So, this decoder is now see it is connected to both the chips in the same row. So, this is a row in this particular row when I give 0 0 0 0 then this chip gets selected and also this chip gets selected simultaneously because both are connected. Now once we select this chip now I will apply the lower order bits, that is A0 to A6. So, whatever address we put in the lower order address bit it goes to this particular chip and it goes to this particular chip as well. So, from here a group of 8 bits will come out, and from here a group of 8 bits will come out.

So, this is how we can organize even larger memory from a smaller memory module. Now let us take this a little bigger example. So, here we will consider a MIPS like processor with 32-bit address; maximum memory that can be connected is 2<sup>32</sup> that is 4 GB. And the assumption is that the processor data lines are 8 bit. So remember this, the processor data line is 8 bit. Assume that the memory chips are available with size 1 GB and we need a maximum memory, we need to build a memory that is 4 GB. So, roughly how many chips will be required? We will be requiring four chips. For 1 GB, 30 address lines and 8 data lines are required. So, lower order 30 address line A0 to A29 are connected to the memory modules.
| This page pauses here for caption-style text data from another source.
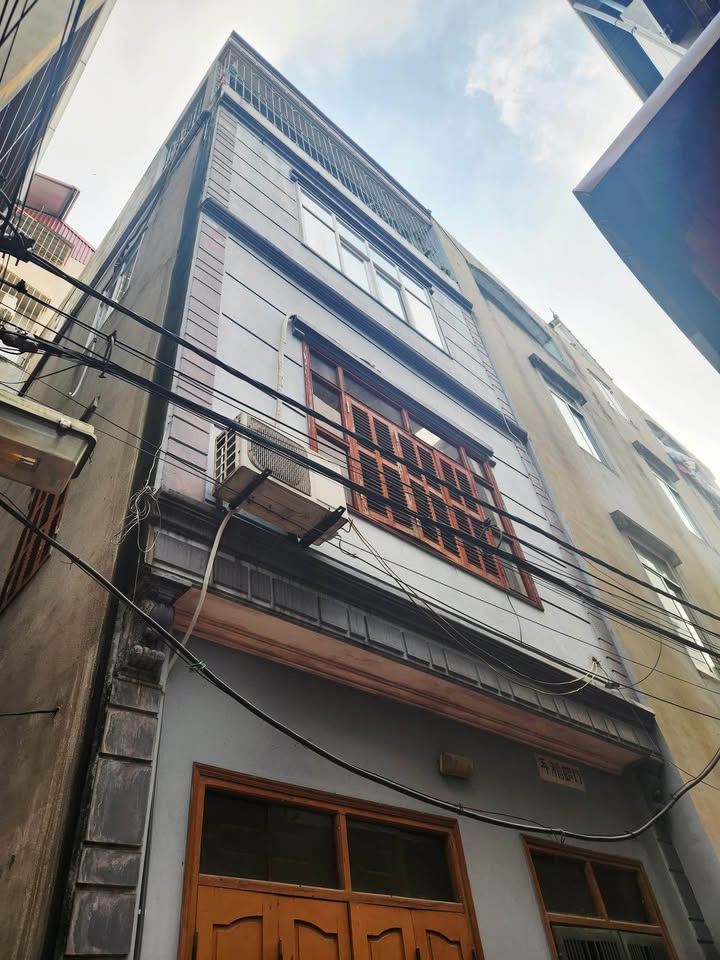 Nhà lô góc Định Công Thượng Hoàng Mai 31m² giá 8.2 tỷ - Sổ đỏ chính chủ, thoáng sáng!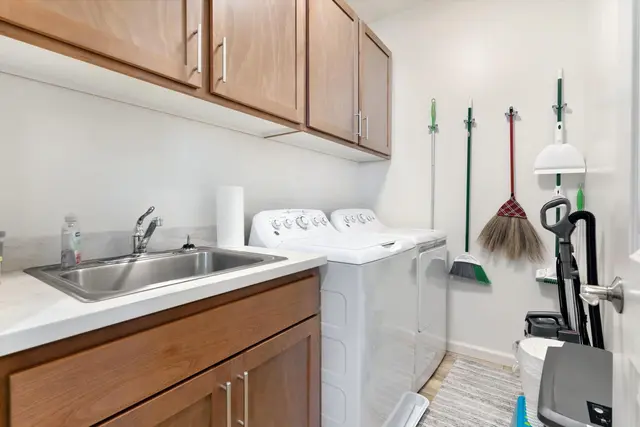 Listing Image for 177 Pua Kalaunu Loop 23 of 38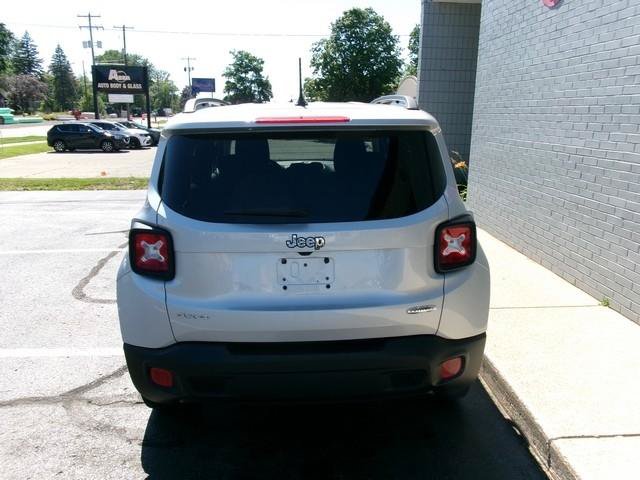 Used 2017 Jeep Renegade Latitude w/ Cold Weather Group AWD/4WD image 5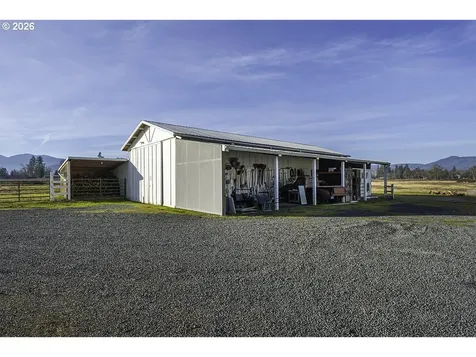 408 Oak Grove Road Medford OR 97501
And now we want to interface for such chips to the processor. Let us see how we can do this.

(Refer Slide Time: 16:44)



So, total memory of 4 GB we need to make. Let us see how we are doing here. So, we require 4 such chips. These are the 4 chips and then the 30-bit address A0 to A29 is connected to all the memory modules.

We need two more extra bits that is A30 and A31. So, a 2 x 4 decoder is required depending on these two values any one of the four chips will get selected. So, if you want to select chip 0, then it has to be 0 0, if you want to select chip 1, it has to be 0 1, and so on. So, this is how it is organized. And at a time when we select a particular memory module, then a group of 8 bits will be transferred through this data bus to the processor.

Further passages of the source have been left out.